Opus
- Type: Student newspaper
- Format: Tabloid
- Owner(s): Newcastle University Students' Association
- Editor-in-chief: Tyler Bridges (NUSA Media Officer, 2019- present)
- Founded: 1954
- Political alignment: Left-wing
- Language: English
- Headquarters: Callaghan, NSW
- Price: Free
- Website: OPUS MAGAZINE

= Opus (University of Newcastle magazine) =

Opus is a student newspaper published at the University of Newcastle, Australia by the Newcastle University Students' Association (NUSA). Opus was founded in 1954 by then economics lecturer Cyril Renwick, at what was then the Newcastle University College of the University of New South Wales, in the Newcastle suburb of Callaghan. Renwick proposed a student journal to promote student unity and expression. Teaming up with his secretary's husband, George Kirkby, the first edition of Opus was a four-page broadsheet newspaper replete with the refinement and formality of 1950s journalism.

The format and style of Opus has changed many times throughout its history. The 1970s the publications name was briefly changed to The Stockton Ferry. In a 1998 interview, the late emeritus Professor Godfrey Tanner explained that

"[The Stockton Ferry was] the brainchild of James Beisers and his co-editor who were into drug reform. The idea being that readers would be encouraged to take short trips after reading its contents."

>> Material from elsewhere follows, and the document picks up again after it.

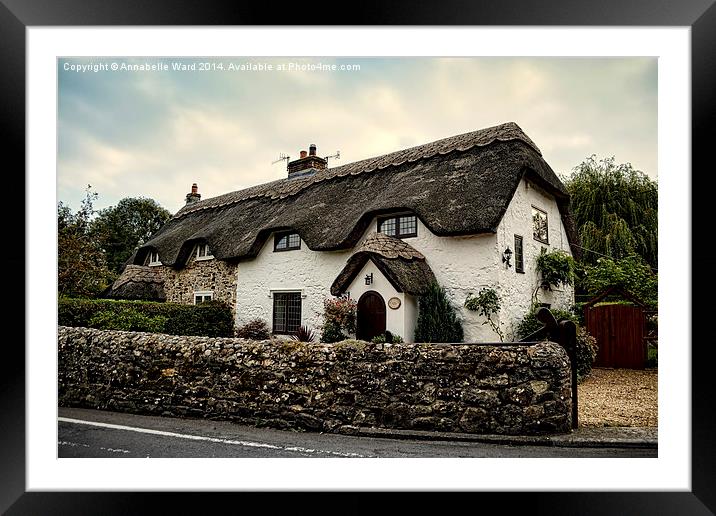 Country Cottage Thatched. Framed Mounted Print by Annabelle Ward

A special edition of the magazine, released in 2002, and edited by BA graduate Matthew Glenn Ward commemorated the life of Godfrey Tanner, a prominent classics professor at the university who had died that year.

Opus takes its name from the former Newcastle City motto, finis coronat opus which is Latin for "completion crowns the work".

The implementation of voluntary student unionism by the Howard government in 2006 had a significant impact on the viability of student media across Australia, compulsory student union membership fees having been the major source of income for most. Opus has been able to continue publishing despite the new law.

Opus was rebranded and relaunched in 2016 after a period of stagnation.

Opus is edited by the UNSA Media Officer and a team of volunteers.

In 2018, Opus became a newspaper again, published monthly.

In 2020, Opus was taken over by UNSA and returned to reoccurring magazine publication with online publication as well.